• [Available data]:
▼

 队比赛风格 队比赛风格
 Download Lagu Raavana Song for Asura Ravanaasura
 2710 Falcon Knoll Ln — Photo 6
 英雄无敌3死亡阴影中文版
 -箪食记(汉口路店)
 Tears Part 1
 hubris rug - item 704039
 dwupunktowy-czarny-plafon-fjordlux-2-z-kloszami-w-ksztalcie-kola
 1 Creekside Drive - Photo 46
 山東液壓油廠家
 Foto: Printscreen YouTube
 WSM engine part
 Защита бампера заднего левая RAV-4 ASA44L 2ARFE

▲
▼

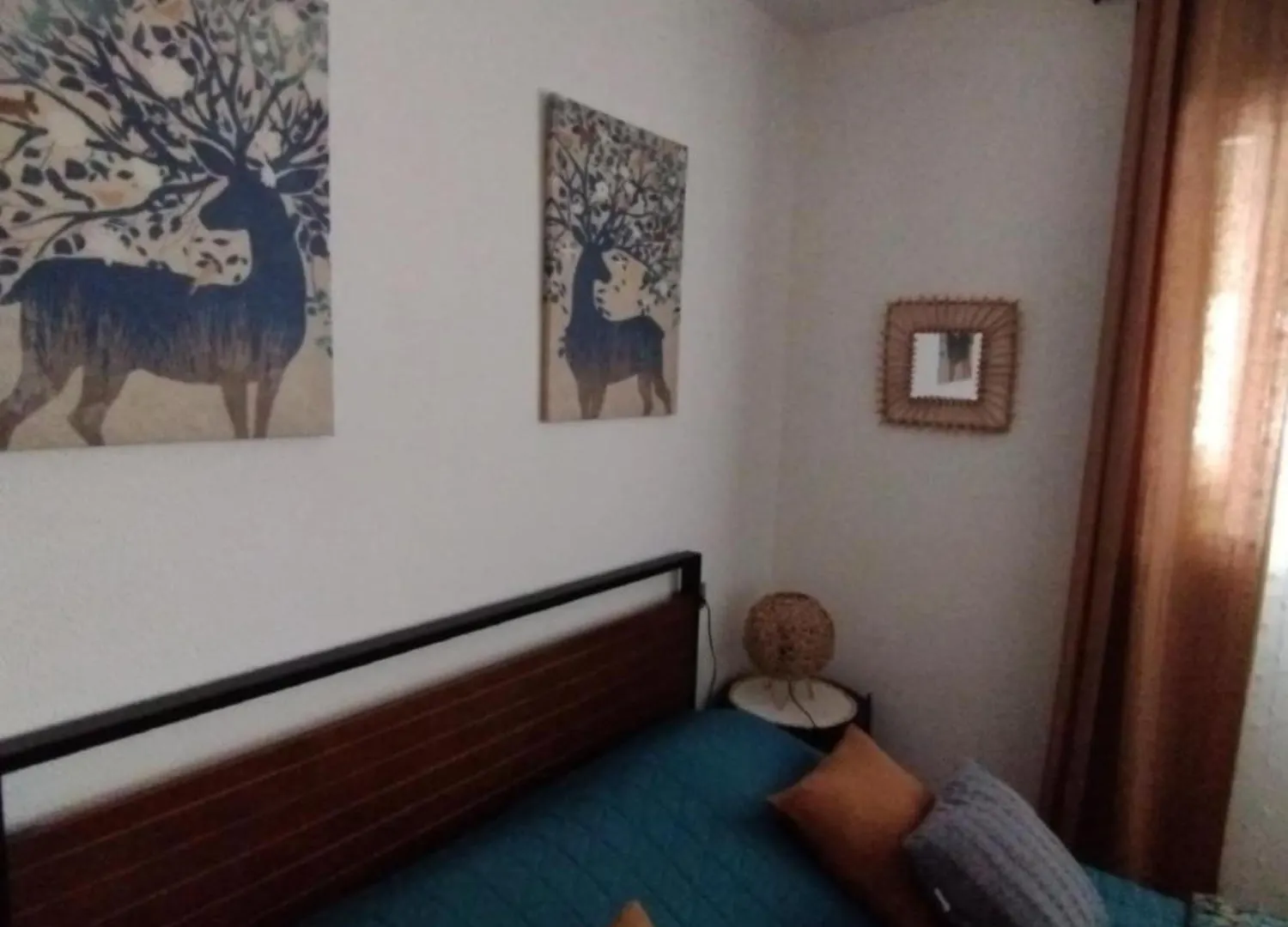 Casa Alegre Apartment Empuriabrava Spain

▲

• [Task requirements]:
In the records above, find the line with "1 Creekside Drive - Photo 46"; write out exactly that line and each one after it, stopping after the line with "Защита бампера заднего".

• [Solution for this task]:
 1 Creekside Drive - Photo 46
 山東液壓油廠家
 Foto: Printscreen YouTube
 WSM engine part
 Защита бампера заднего левая RAV-4 ASA44L 2ARFE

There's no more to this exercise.